L'intervention prétendue des Conseillers de SM le Roi dans la constitution du gouvernement El Fassi a relancé le débat sur leur véritable rôle et sur les limites de leur mission. Abdelaziz Meziane Belfkih et Mohamed Moatassim, proches collaborateurs du Souverain, posent les vrais termes du débat.
ALM : Quel a été réellement votre rôle, en tant que Conseillers de SM le Roi, dans la constitution du gouvernement ?

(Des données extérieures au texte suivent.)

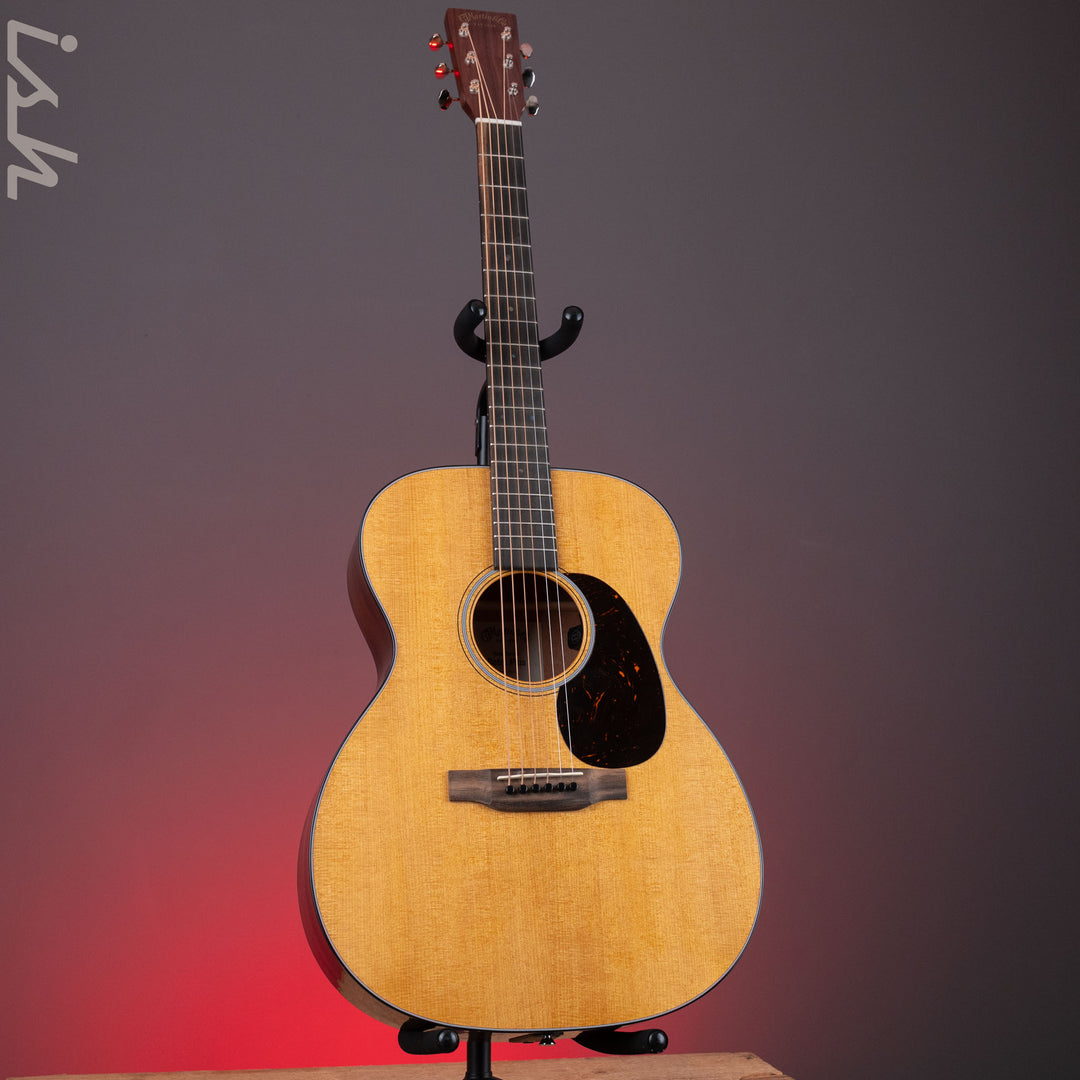 Martin 000E Retro Plus Mahogany Acoustic-Electric Guitar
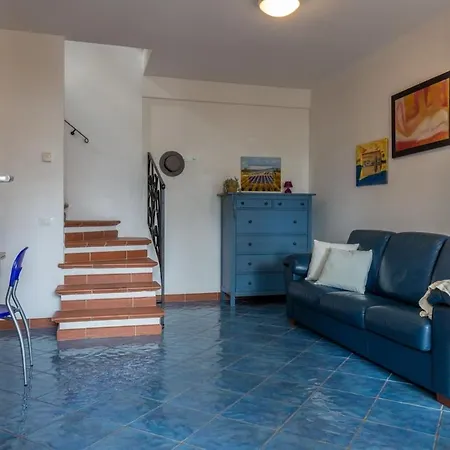 Σπίτι διακοπών With Private Garden A Stone's Throw From The Sea *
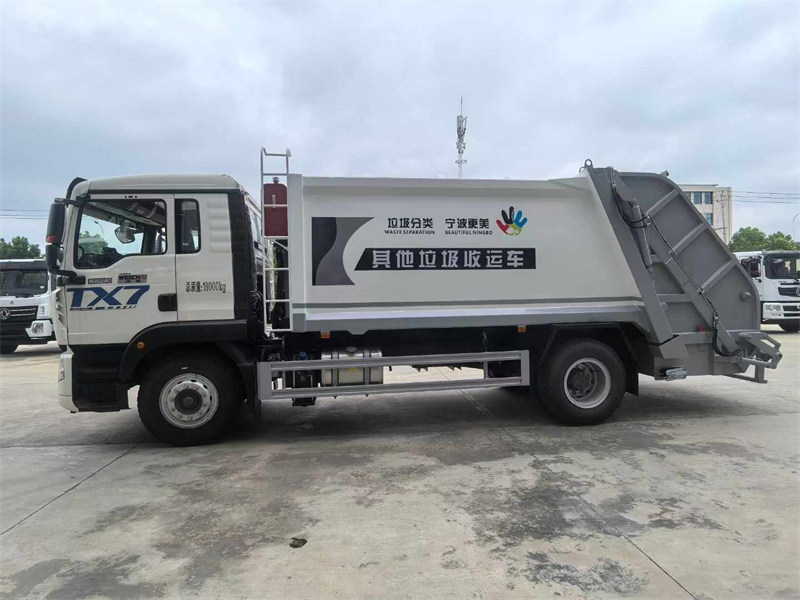 重汽豪沃TX型壓縮式垃圾車廠家直銷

Abdelaziz Meziane Belfkih : Le conseiller de Sa Majesté le Roi joue le rôle de relais et de messager. Il n'est nullement un passage obligé entre Sa Majesté le Roi et son Premier ministre. Lors de la formation du gouvernement, les Conseillers ont rempli, sur ordre de Sa Majesté, le rôle de messagers fidèles auprès du Premier ministre désigné et inversement, lorsque celui-ci l'avait explicitement souhaité. Il ne s'agit aucunement d'un rôle d'influence, ni d'orientation ni de décision, en ce qui concerne les candidats ou les partis. Les contacts et les rencontres des Conseillers avec le Premier ministre désigné se sont d'ailleurs déroulés dans un climat de respect mutuel, de responsabilité et de bonne foi. En définitive, la prérogative de soumettre à l'appréciation de Sa Majesté le Roi la proposition finale de l'équipe gouvernementale revient au Premier ministre désigné qui l'a exercée avec un sens élevé de responsabilité. Dans le cas d'espèce, et conformément aux instructions Royales, la mission des Conseillers était limitée à la facilitation des démarches du Premier ministre désigné, une telle mission s'effectue, soit à travers les rapports portant sur le déroulement du processus, soit par le biais des notes, messages ou propositions que le Premier ministre nommé souhaite explicitement soumettre à l'appréciation du Souverain.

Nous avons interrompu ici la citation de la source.